LogisticAT(alpha=1.0, max_iter=1000, verbose=0)

In [62]:
ord_scores2 = cross_val_score(ord_clf2, X_train_scaled, y_train, cv = 10, scoring = 'f1_micro')
ord_scores2.mean()

0.46190790341733734

In [63]:
ord_pred2 = ord_clf2.predict(X_test_scaled)
print(f1_score(ord_pred2, y_test, average = 'micro'))
print(f1_score(ord_pred2, y_test, average = None, labels = [1, 2, 3, 4, 5]))

0.4620601390666438
[0.49196267 0.21603734 0.21226194 0.37056341 0.64304772]

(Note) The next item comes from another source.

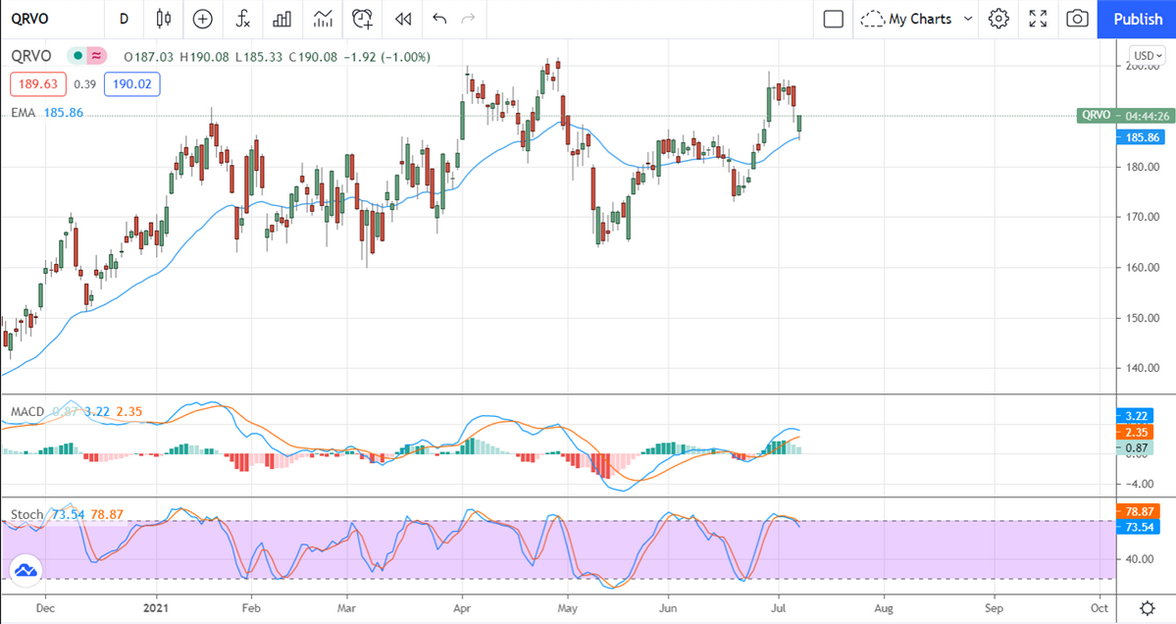 QRVO Stock Chart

I'm not sure if I'm doing something wrong here, and there are no instructions whatsoever in the documentation. But these seem to be performing worse than the ensemble we've already created. Perhaps sometime in a future I can figure out a way to get these to perform better. It is interesting to note this model is performing by far the best on 2 and 3 star reviews out of all the ones we've tried!